Building distributed systems in Go requires an RPC or message framework of some sort. In the systems I build I prefer to pass messages serialized with protocol buffers therefore a natural choice for me is grpc. The grpc library uses HTTP2 as a transport layer and provides a code generator based on the protocol buffer syntax making it very simple to use.
For more detailed control, the ZMQ library is an excellent, low latency socket framework. ZMQ provides several communication patterns from basic REQ/REP (request/reply) to PUB/SUB (publish/subscribe). ZMQ is used at a lower level though, so more infrastructure per app needs to be built.
This leads to the obvious question: which RPC framework is faster? Here are the results:
These results show the message throughput of three echo servers that respond to a simple message with a response including a sequence number. Each server is running on its own EC2 micro instance with 1GB of memory and 1 vCPU. Each client is running on on an EC2 nano instance with 0.5GB of memory and 1 vCPU and are constantly sending messages at the server. The throughput is the number of messages per second the server can handle.
The servers are as follows:
- rep: a server that implements a REQ/REP socket and simple handler.
- router: a server that implements a REQ/ROUTER socket along with a DEALER/REP socket for 16 workers, connected via a proxy.
- grpc: implements a gRPC service.
The runner and results can be found here.
Discussion
All the figures exhibit a standard shape for throughput - namely as more clients are added the throughput increases, but begins to tail off toward an asymptote. The asymptote represents the maximum number of messages a server can respond to without message latency. Generally speaking if a server can handle multiple clients at once, the throughput is higher.

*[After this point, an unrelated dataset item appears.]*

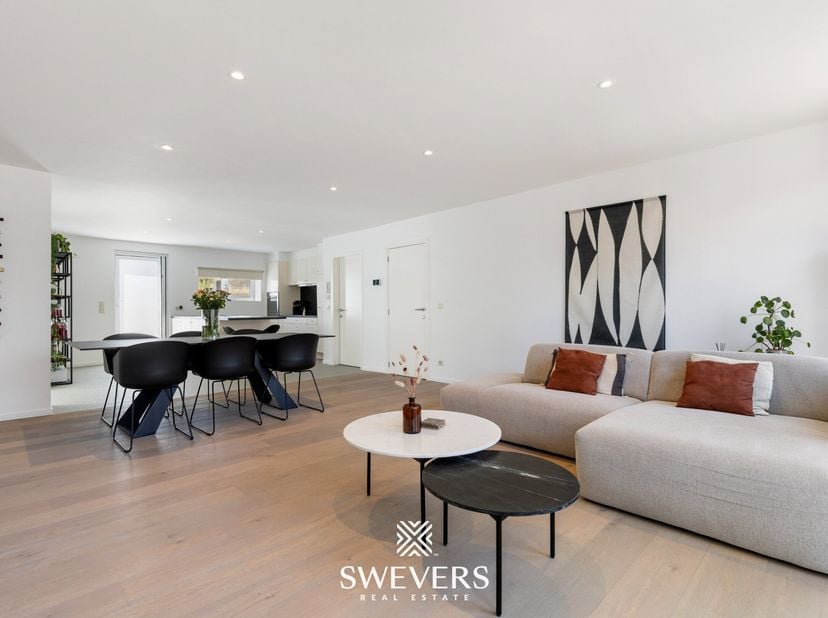 Voor meer info en fotos, surf naar www.swevers.be  Dit ruime en instapklare appartement van 145 m² bevindt zich op de eerste verdieping van een verzor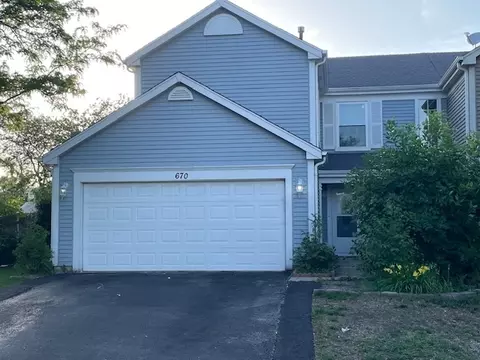 670 Legends Dr, Carol Stream, IL 60188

The ZMQ REQ/ROUTER/PROXY/DEALER/REP server with 16 workers outperforms the gRPC server (it has a higher overall throughput). I hypothesize that this is because ZMQ does not have the overhead of HTTP and is in fact lighter weight code than gRPC since none of it is generated. It’s unclear if adding more workers would improve the throughput of the ZMQ router server.
The performance of the REQ/REP server is a mystery. It’s doing way better than the other two. This socket has very little overhead, so for fewer clients it should be performing better. However, this socket also blocks on a per-client basis. Both grpc and router are asynchronous and can handle multiple clients at a time suggesting that they should be much faster.